The Sting.—This weapon of offence and defence is usually the last in the equipment of the bee to be used, for its discharge generally means loss of life to its owner. To the enemy against whom it is launched, it becomes a source of irritation and annoyance and sometimes of danger. The sting is a fine lance, with incisions down one side which act as barbs when the flesh is pierced by it, sinking the lance deeper at each convulsion of the stinger or the stung. So soon as a barb is fixed it is impossible for the bee to withdraw the sting, and in its struggle to be free the whole of the stinging organs—including the poison sac—are dragged from it, and the poison enters the wound. For this reason it is necessary that the sting should be extracted as soon as possible, for the longer it remains in the flesh the greater will be the irritation. Should the sting be inflicted near a hive it will be wise to remove oneself from the neighbourhood without loss of time, for it is a well-known fact that the scent of the sting attracts other bees and arouses their anger against the presumed enemy of their kind.

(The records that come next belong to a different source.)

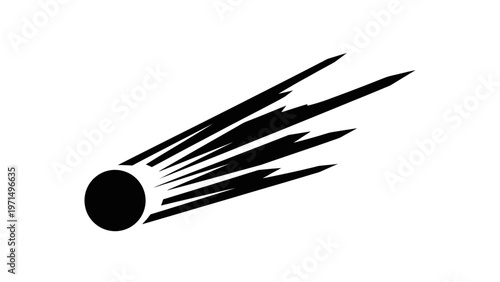 Black Meteor or Asteroid with Trails.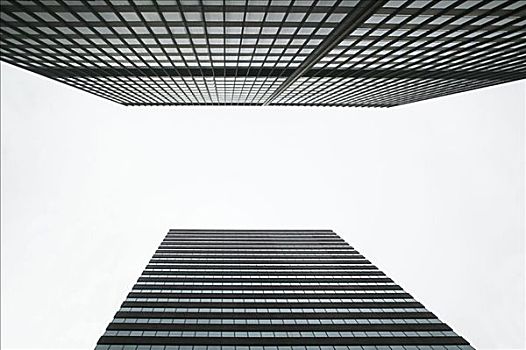 仰视,纽约,摩天大楼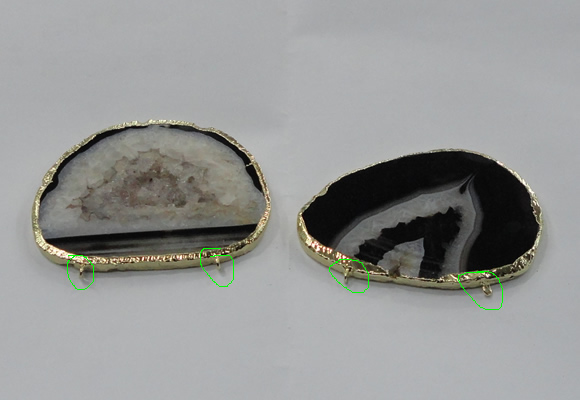 NGC900 50*65mm - 60*75mm freeform druzy agate connectors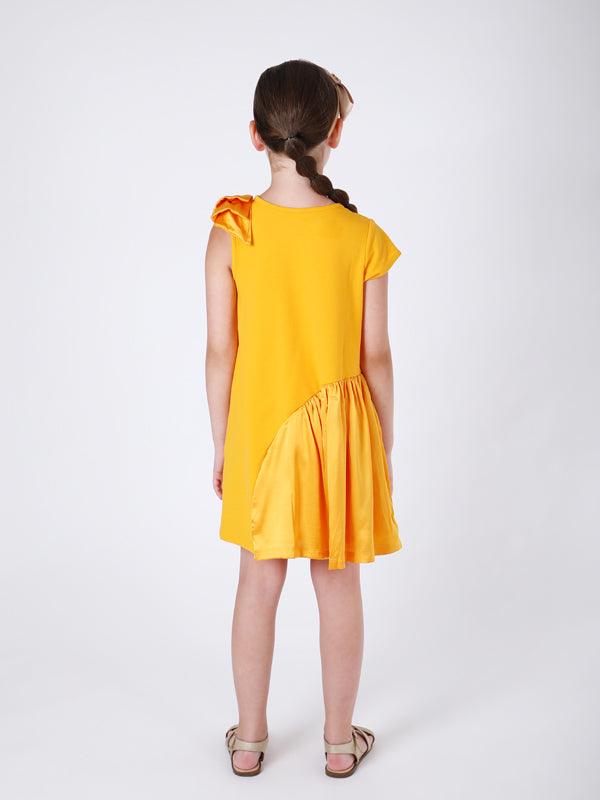 One Friday Kids Girls Yellow Animal Printed Dress With Bow - One Friday World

The best remedy for a sting from a bee is methylated spirit, applied immediately the sting has been extracted—though it is well to remember that bees have an abhorrence of spirit, so that all trace of it should be removed before venturing near a hive, or further stings may be induced. There are many popular remedies for stings, such as the application of ammonia, washing soda, the blue bag, an onion—all of which have the same object—to nullify the effects of the irritant poison, of which formic acid is one of the principal constituents.